─── RECORDS SHOWN ───
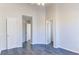Bright bedroom with tile floors and access to hallway at 962 Pierce Ivy Ct, Lawrenceville, GA 30043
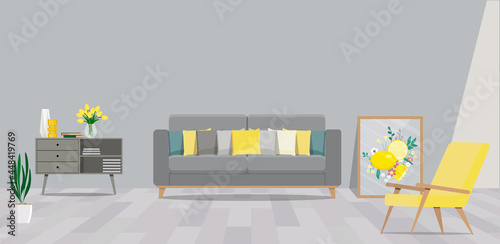 Interior of a room in restrained gray tones with a sofa, an armchair and a painting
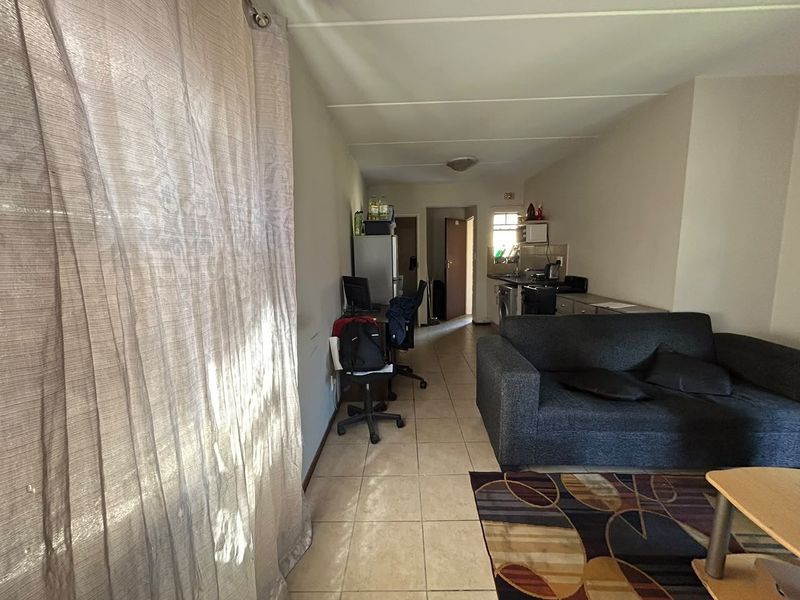 Open plan living area featuring tiled flooring and a compact kitchen space with built-in cabinetry and appliances.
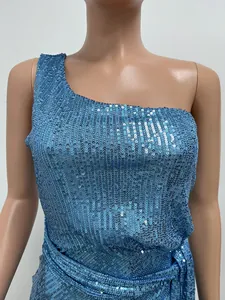 Macro detail of shimmering blue sequins on a one-shoulder elegant pleated evening gown.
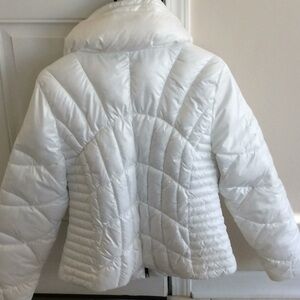Women’s white Guess jacket.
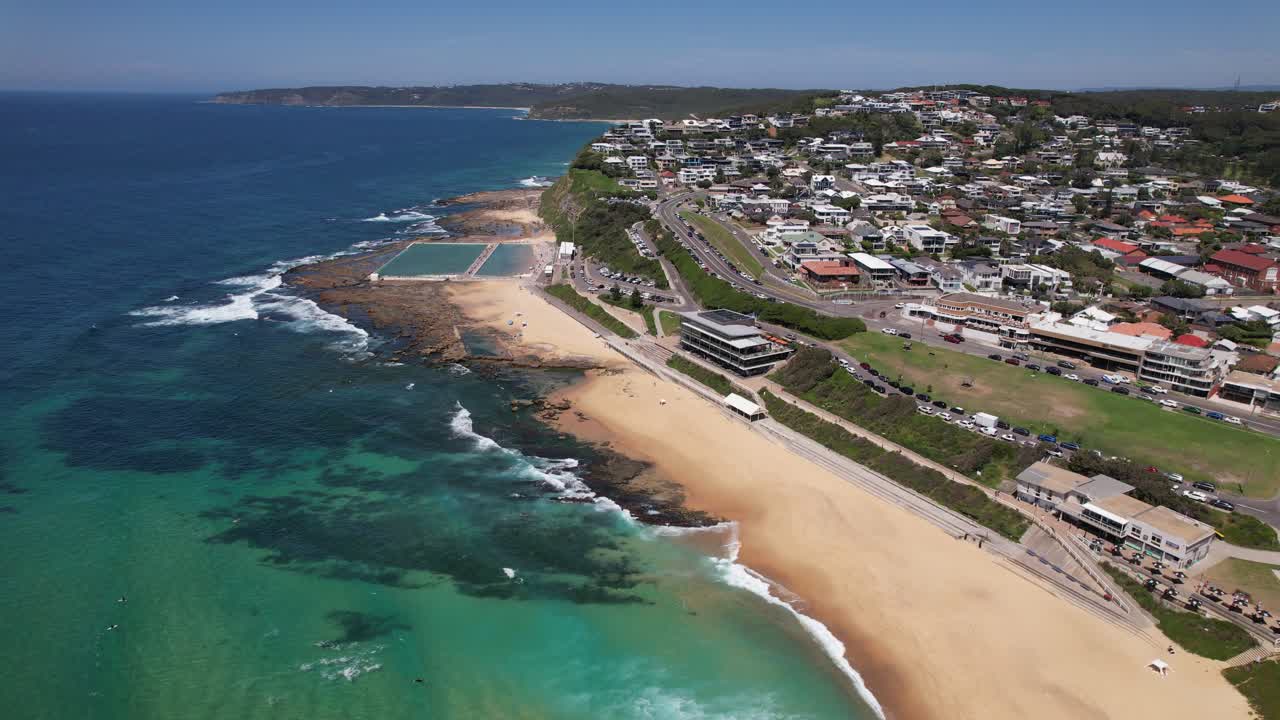 Merewether Ocean Baths With Beach In New South Wales, Australia - Aerial Pullback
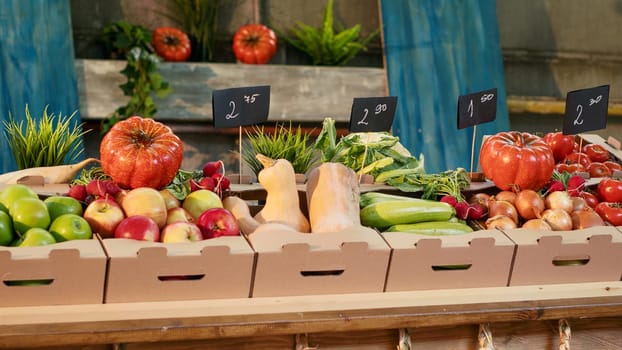 Boxes filled with organic fruits and vegetables placed on stand, fresh natural farming produce at outdoors food fair. Empty local farmers market counter with raw colorful healthy products.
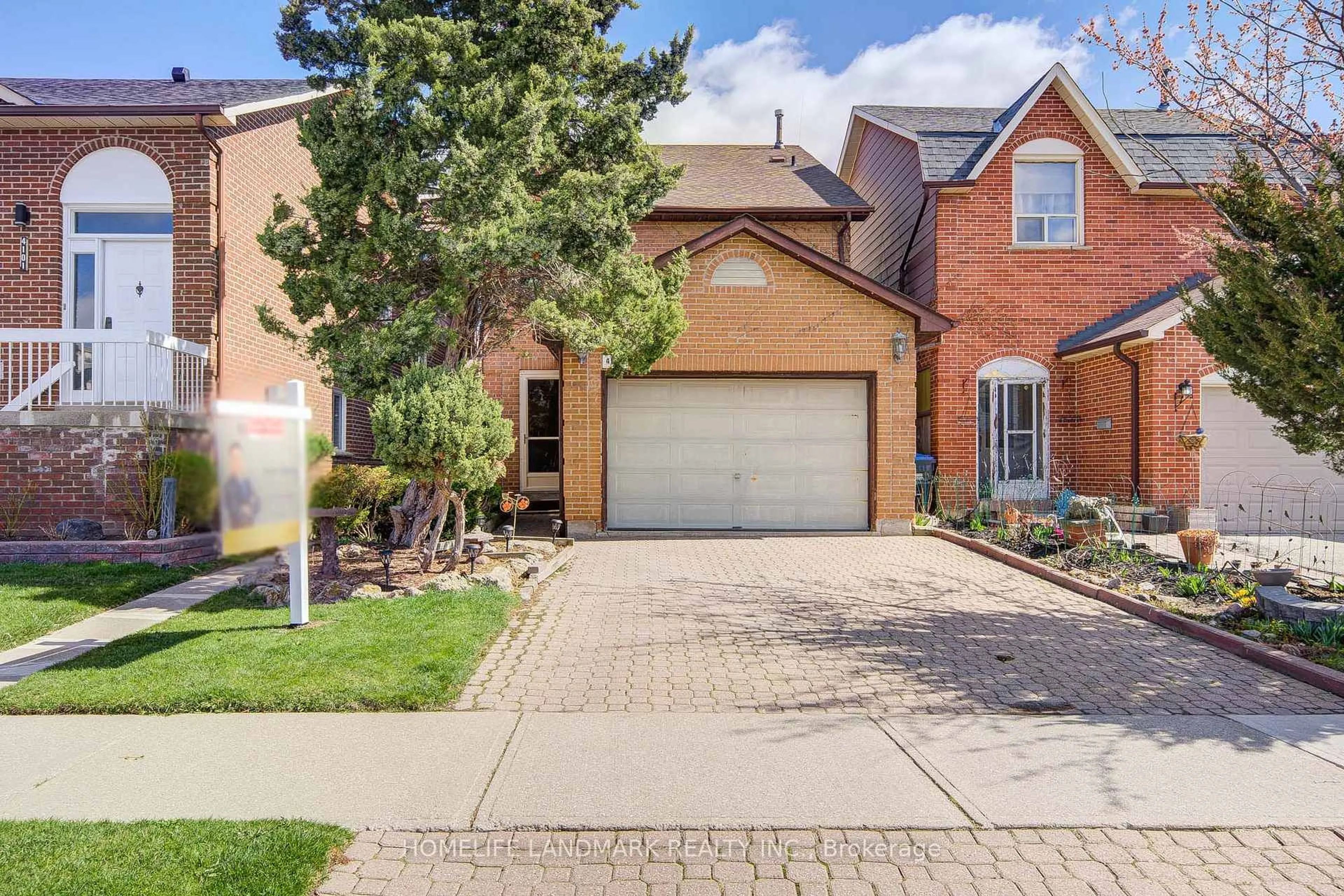Home with brick exterior material, street for 4097 Quaker Hill Dr, Mississauga Ontario L5C 3M2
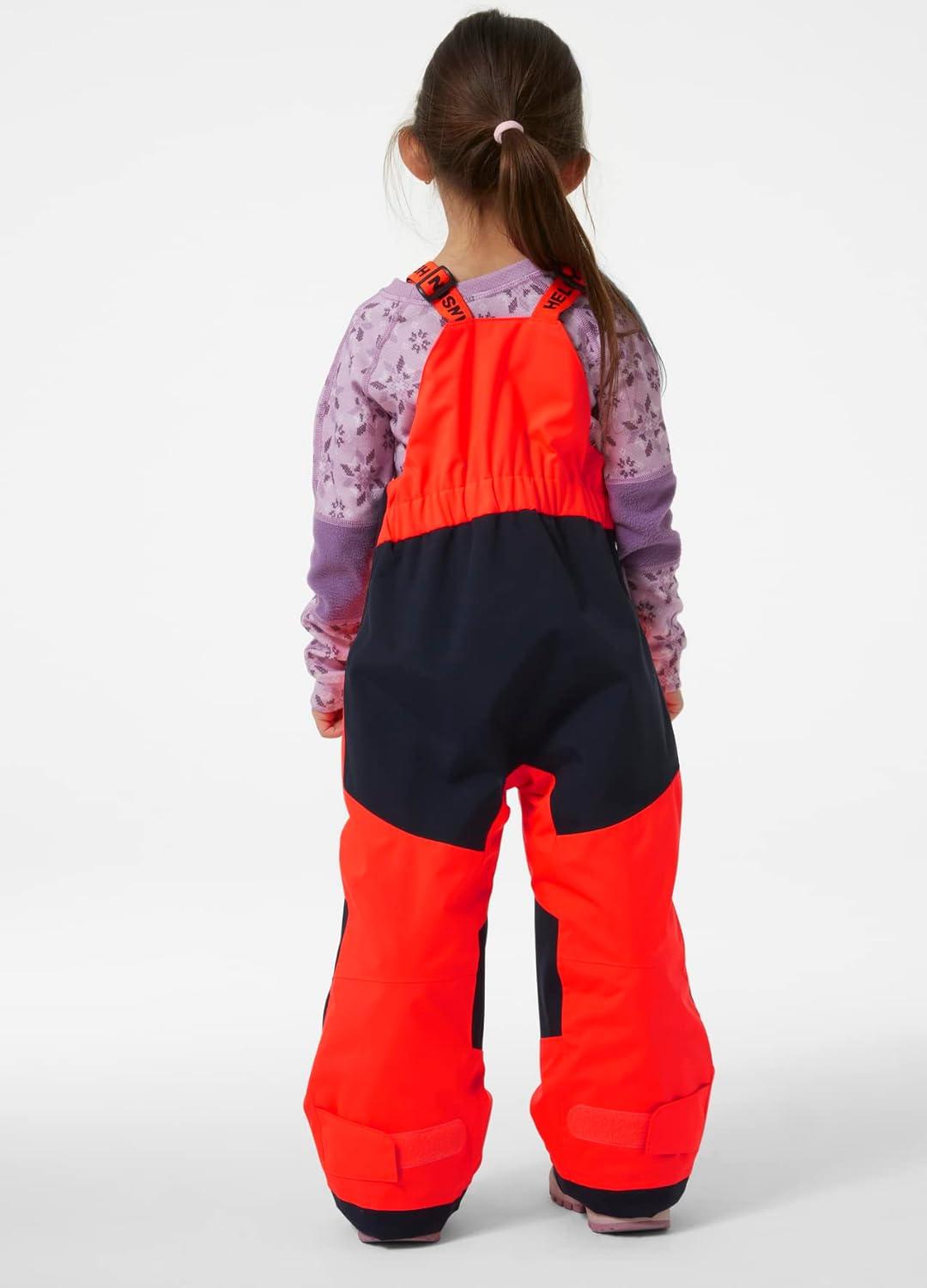 imageHellyHansen Stellar Bib Pant Junior Girls Snow Pants for Winter Activities Waterproof Breathable Durable Ski Gear247 Neon Coral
───
- _EXERCISE_
Write out nothing but the lines from the start of the data through the line with "Merewether Ocean Baths". Leave out the pictures.

- _PROBLEM SOLUTION_
Bright bedroom with tile floors and access to hallway at 962 Pierce Ivy Ct, Lawrenceville, GA 30043
 Interior of a room in restrained gray tones with a sofa, an armchair and a painting
 Open plan living area featuring tiled flooring and a compact kitchen space with built-in cabinetry and appliances.
 Macro detail of shimmering blue sequins on a one-shoulder elegant pleated evening gown.
Women’s white Guess jacket.
 Merewether Ocean Baths With Beach In New South Wales, Australia - Aerial Pullback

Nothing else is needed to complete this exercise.